If all goes according to plan, a gas tanker carrying the country’s first shipment of 120,000 cubic metres (more than four million cubic feet) of liquefied natural gas will leave Yemen in June for South Korea.
This maiden cargo of exported gas will mark the culmination of a project launched in October 2005 whose total cost of four billion dollars makes it the largest project ever in the history of the Arabian Peninsula nation.
Yemen LNG, whose major shareholder is French energy giant Total, is pushing hard to complete construction of its LNG plant in Balhaf, a bay on the southern Yemen coast, which is running several months behind schedule.
A notice on the wall of a building at the Balhaf plant is a clear indicator of how vital the project is to the economic future of Yemen, where oil revenues currently make up 70 percent of state revenue.
“Estimates suggest that the government of Yemen will receive between 30-50 billion US dollars during the 20-25 years of operation,” the sign reads.
When a second liquefying unit becomes operational, probably at the end of the year, Yemen will be able to export 6.7 million tonnes of gas annually -- equivalent to 180,000 barrels of oil per day (bpd).
“Yemen is a new player” in the global gas market, Yemen LNG general manager Joel Fort told AFP. It remains a small player nevertheless, with reserves of 259 billion cubic meters.
“The reserves are significant,” Fort said, but “it’s marginal compared to Qatar.”
In comparison, the tiny emirate of Qatar on the northeast coast of the Arabian Peninsula boasts reserves of 25 trillion cubic metres -- the world’s third largest after Russia and Iran.
For Yemen to become a gas exporter of LNG is already a major achievement, however.

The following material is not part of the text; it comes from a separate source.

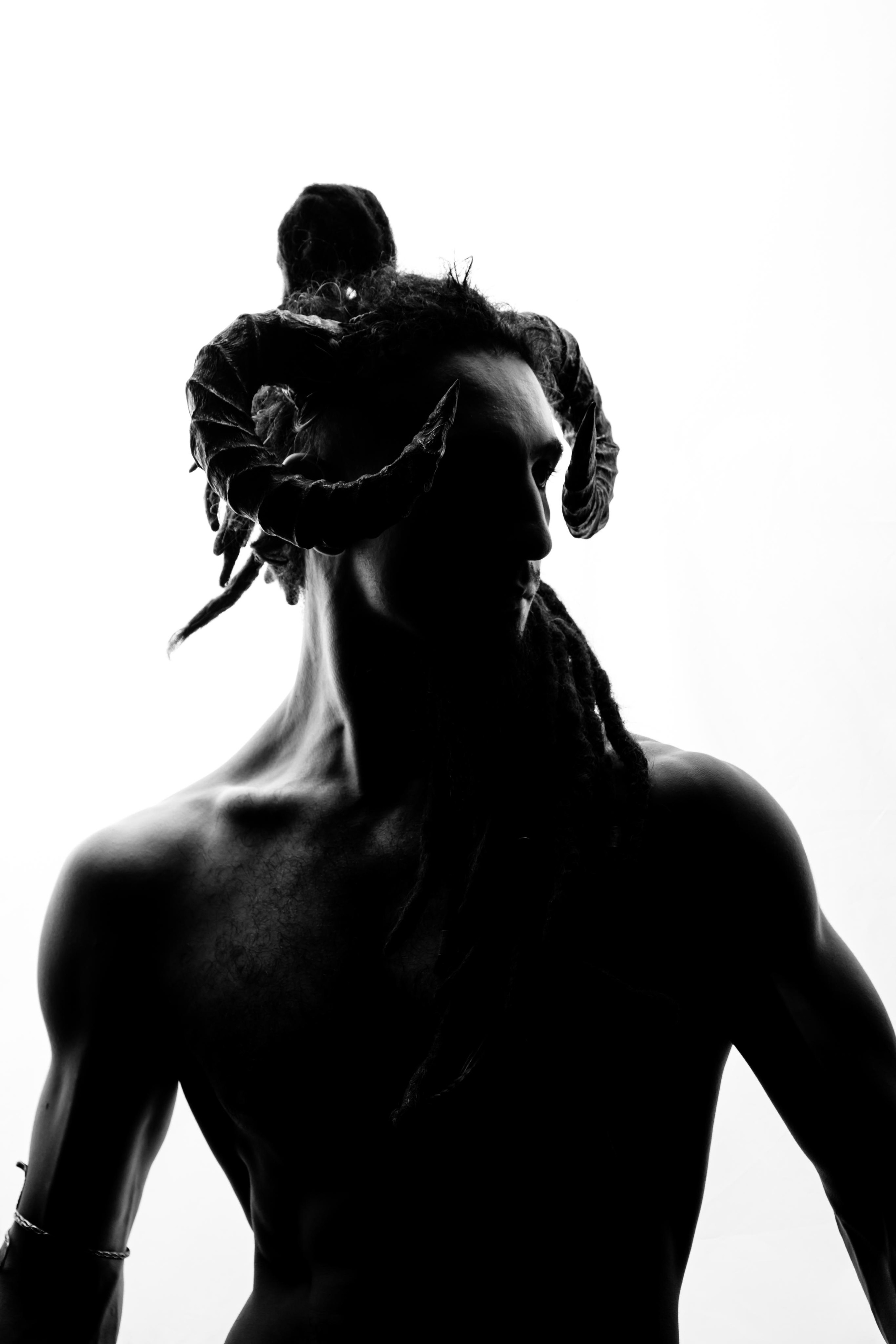 Дмитрий Гасанов. Никита Скрипник — ТЕАТР В СТИЛЕ ФЭШН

Last year it produced less than 300,000 bpd of crude oil, and production is decreasing by five to six percent a year, Deputy Prime Minister for Economic Affairs Abdulkarim Ismail al-Arhabi told AFP.
He expects Yemen’s modest oil reserves to be exhausted by 2020. “Gas will make up for the decrease in oil production,” he said.
The gas will flow through a 320-kilometre (198-mile) pipeline from the Safer fields near Marib, northwest of Balhaf, where Total currently extracts 43,000 bpd of crude.
The pipeline passes through regions controlled by Yemen’s powerful tribes, which often resort to violence and kidnapping foreigners to express grievances and force the government to respond to their demands.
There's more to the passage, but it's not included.